▶ _Task objective_: Your task is to print each entry exactly as written.

▶ _Information shown_:
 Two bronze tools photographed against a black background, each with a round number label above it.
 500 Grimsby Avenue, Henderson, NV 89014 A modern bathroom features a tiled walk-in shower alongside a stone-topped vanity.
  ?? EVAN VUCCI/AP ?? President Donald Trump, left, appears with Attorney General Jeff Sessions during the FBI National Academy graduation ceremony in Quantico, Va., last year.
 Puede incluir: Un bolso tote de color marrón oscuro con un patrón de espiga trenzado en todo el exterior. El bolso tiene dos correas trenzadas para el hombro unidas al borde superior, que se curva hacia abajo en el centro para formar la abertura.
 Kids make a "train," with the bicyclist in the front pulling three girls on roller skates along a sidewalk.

▶ _Answer to this problem_:
 Two bronze tools photographed against a black background, each with a round number label above it.
 500 Grimsby Avenue, Henderson, NV 89014 A modern bathroom features a tiled walk-in shower alongside a stone-topped vanity.
  ?? EVAN VUCCI/AP ?? President Donald Trump, left, appears with Attorney General Jeff Sessions during the FBI National Academy graduation ceremony in Quantico, Va., last year.
 Puede incluir: Un bolso tote de color marrón oscuro con un patrón de espiga trenzado en todo el exterior. El bolso tiene dos correas trenzadas para el hombro unidas al borde superior, que se curva hacia abajo en el centro para formar la abertura.
 Kids make a "train," with the bicyclist in the front pulling three girls on roller skates along a sidewalk.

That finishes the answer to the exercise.